What the task asks:
Reproduce the listing below in full and exactly; no pictures belong in the copy.

Stored data:
------------------------------------

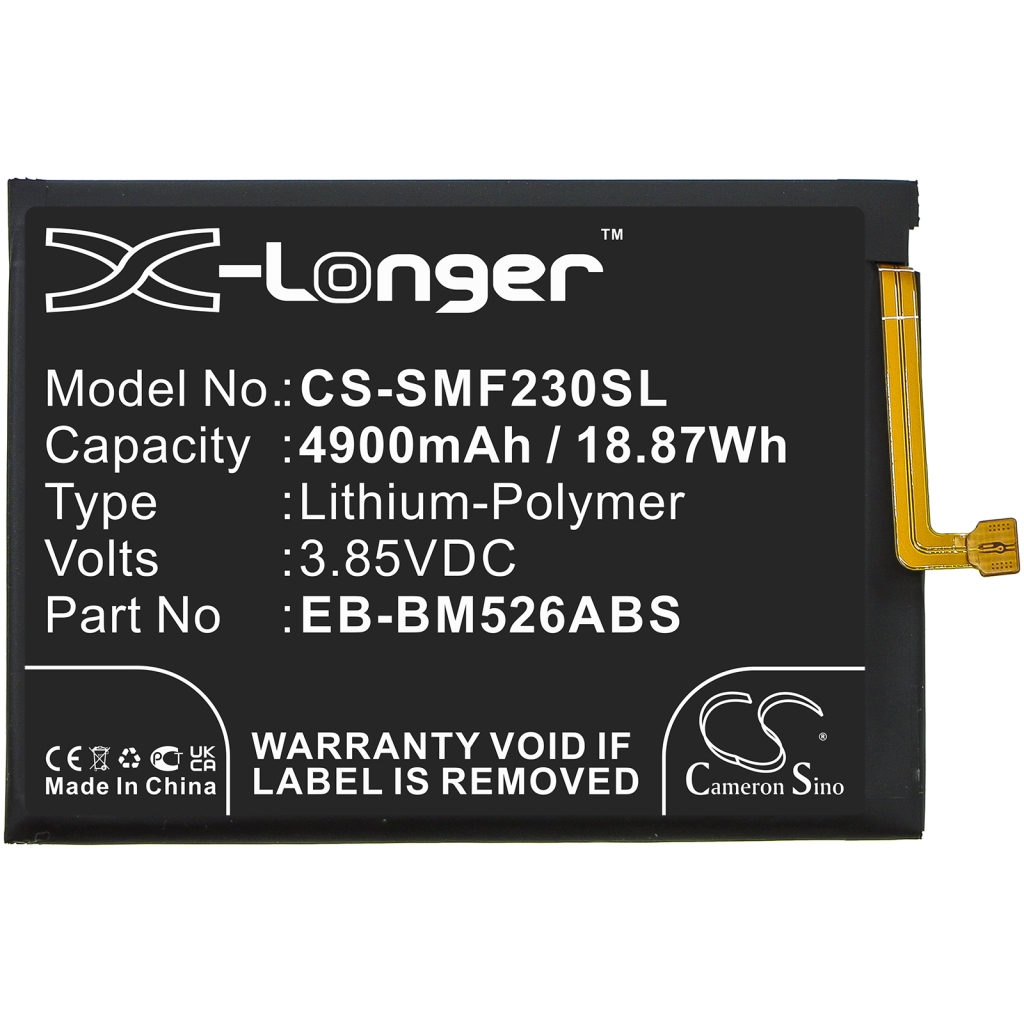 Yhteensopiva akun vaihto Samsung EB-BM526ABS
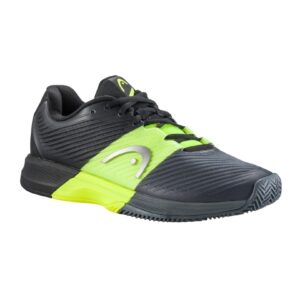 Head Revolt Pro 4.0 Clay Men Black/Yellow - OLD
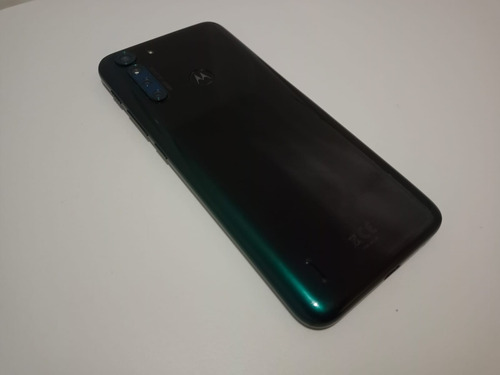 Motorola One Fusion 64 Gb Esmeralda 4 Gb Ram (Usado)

------------------------------------

Exercise answer:
 Yhteensopiva akun vaihto Samsung EB-BM526ABS
 Head Revolt Pro 4.0 Clay Men Black/Yellow - OLD
 Motorola One Fusion 64 Gb Esmeralda 4 Gb Ram (Usado)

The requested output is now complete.